*WHAT IS NEEDED*. In the entries below, begin at the line that has "Used Nissan Qashqai", stop after the line that has "Used Volkswagen Golf", and output those lines exactly with no pictures.

*RECORDS PROVIDED*.
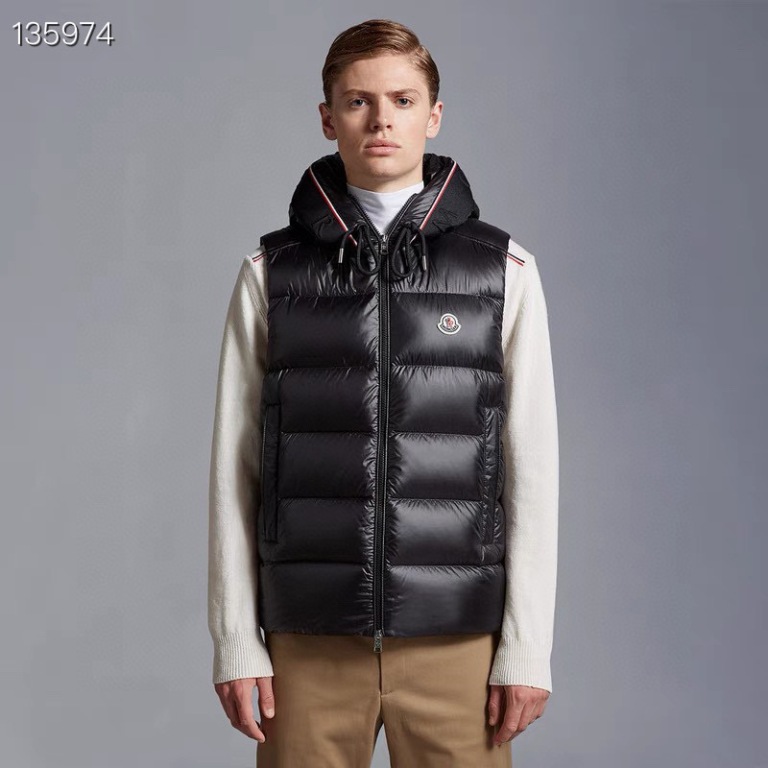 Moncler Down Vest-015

* * *

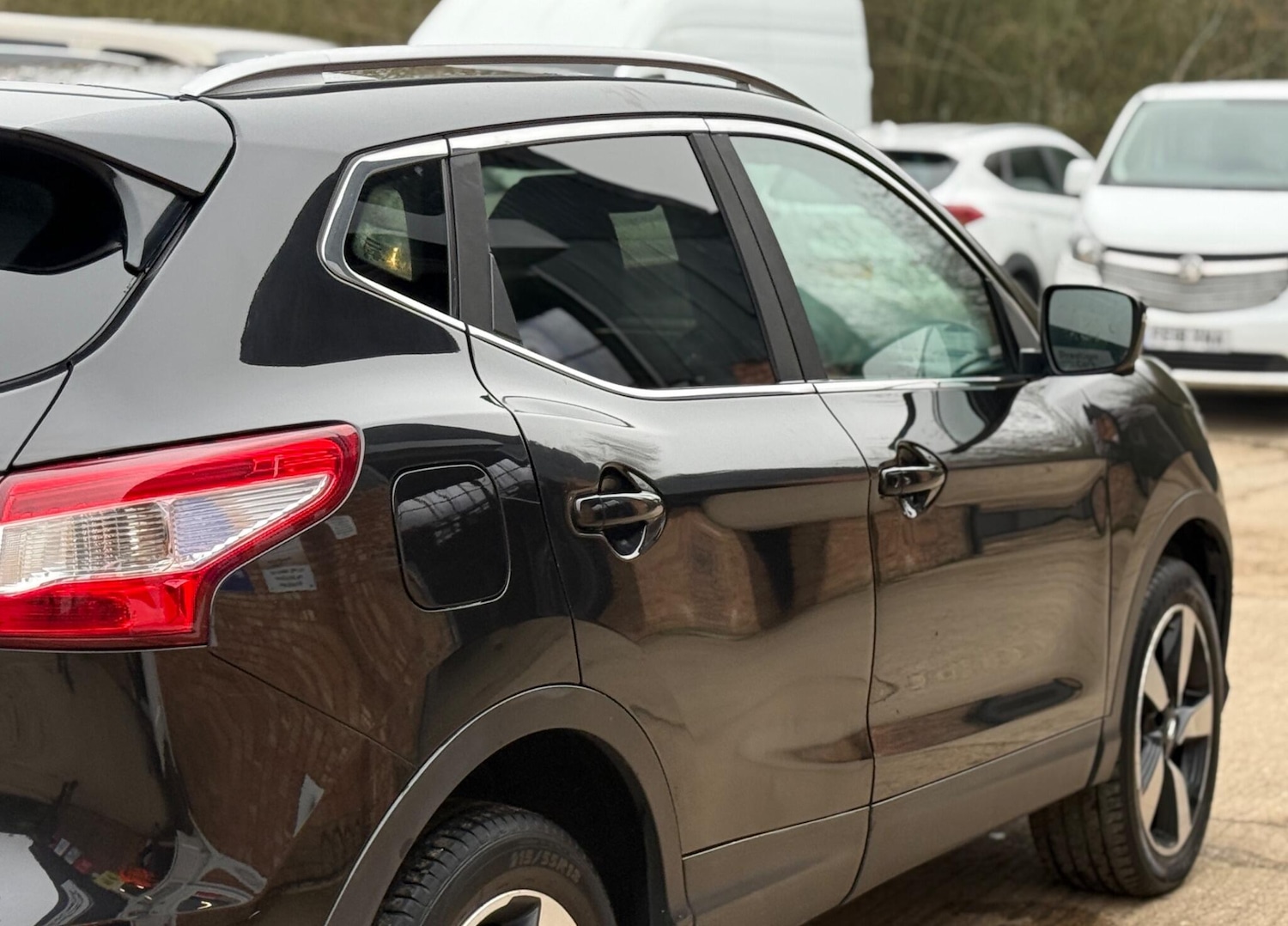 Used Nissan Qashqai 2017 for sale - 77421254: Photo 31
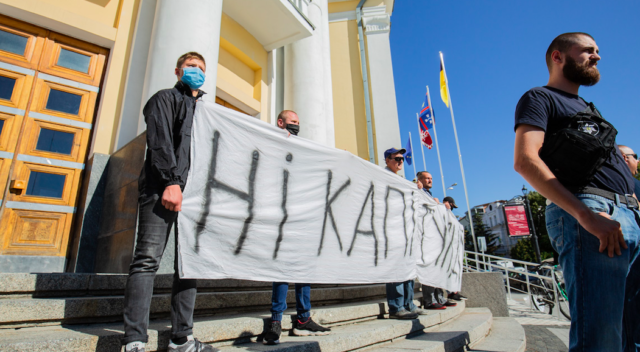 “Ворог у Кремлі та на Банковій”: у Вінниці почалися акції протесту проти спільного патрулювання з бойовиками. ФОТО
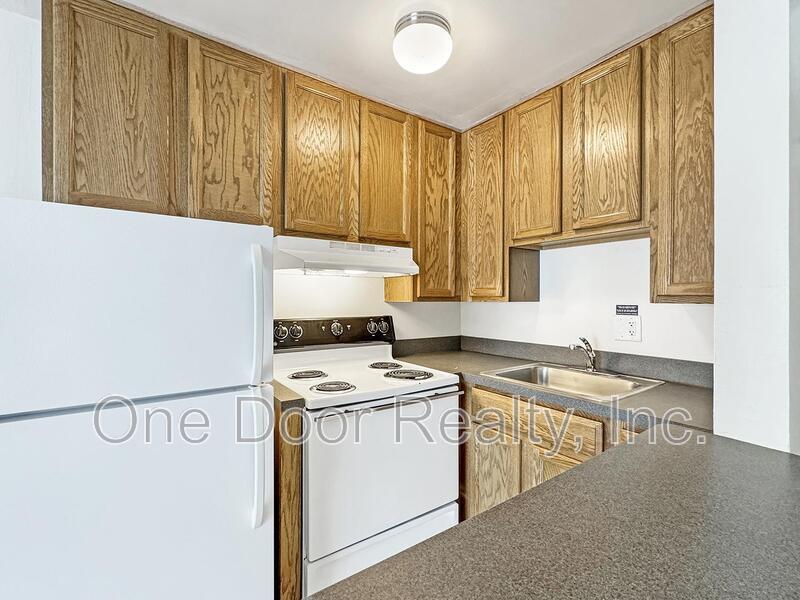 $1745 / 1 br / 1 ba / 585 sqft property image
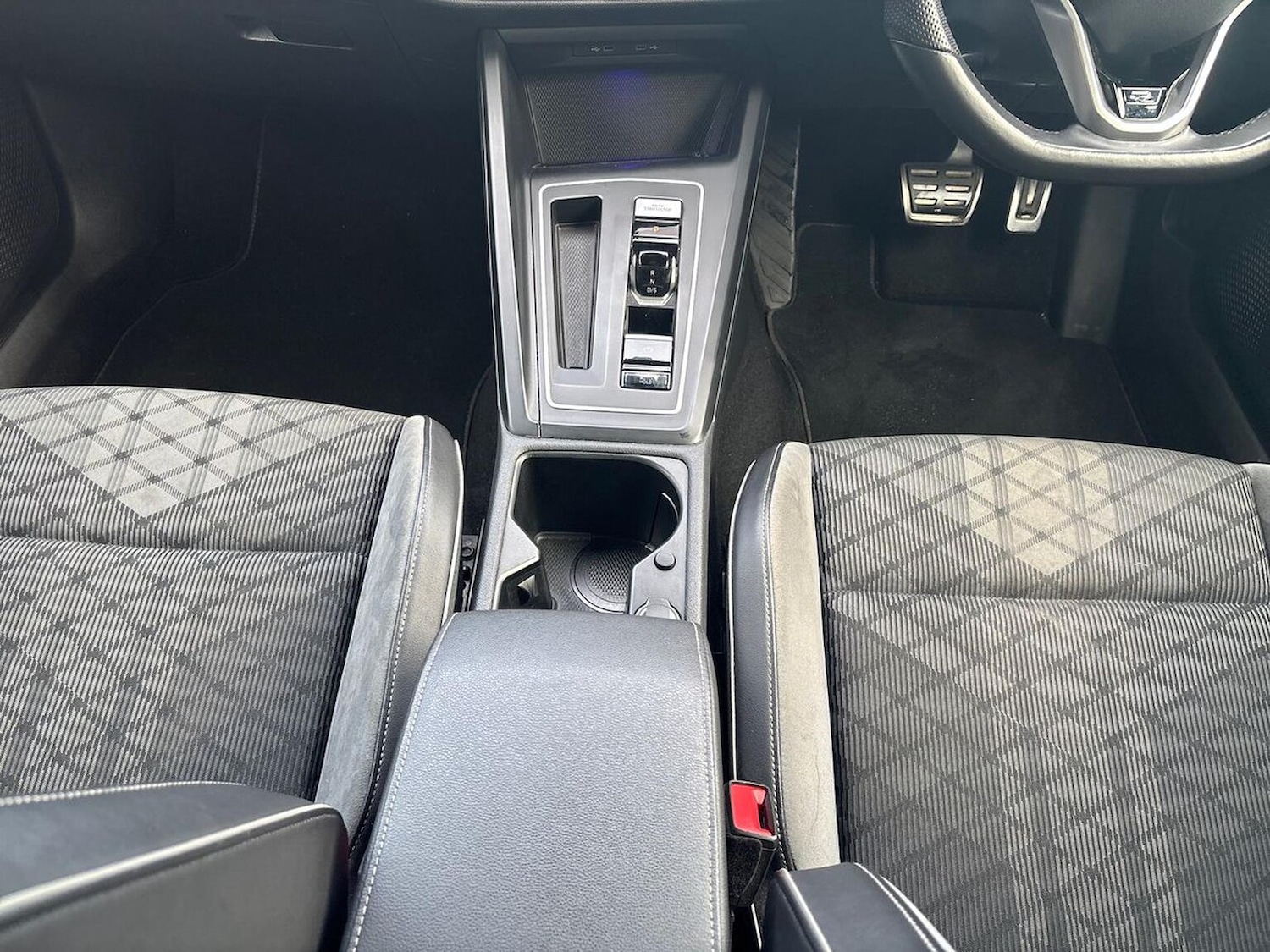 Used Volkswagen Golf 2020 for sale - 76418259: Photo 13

---

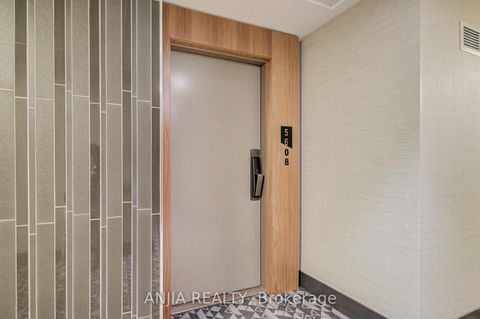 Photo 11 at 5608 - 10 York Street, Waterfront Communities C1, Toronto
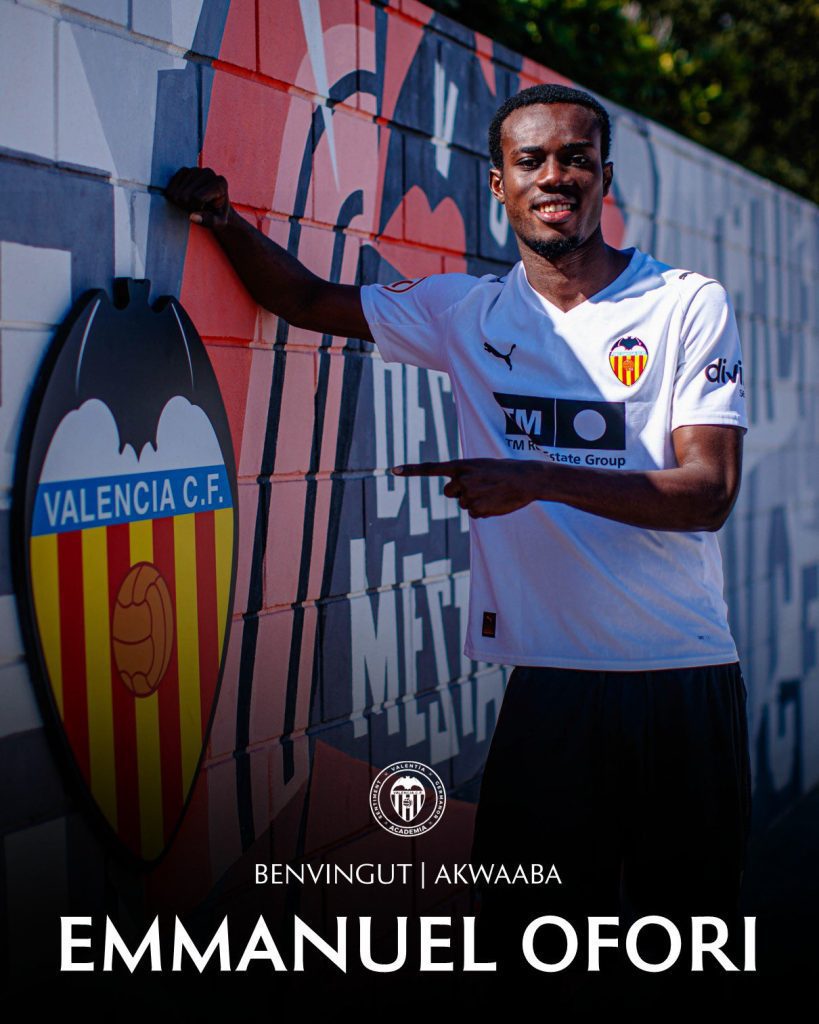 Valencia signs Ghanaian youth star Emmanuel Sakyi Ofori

*SOLUTION*.
 Used Nissan Qashqai 2017 for sale - 77421254: Photo 31
 “Ворог у Кремлі та на Банковій”: у Вінниці почалися акції протесту проти спільного патрулювання з бойовиками. ФОТО
 $1745 / 1 br / 1 ba / 585 sqft property image
 Used Volkswagen Golf 2020 for sale - 76418259: Photo 13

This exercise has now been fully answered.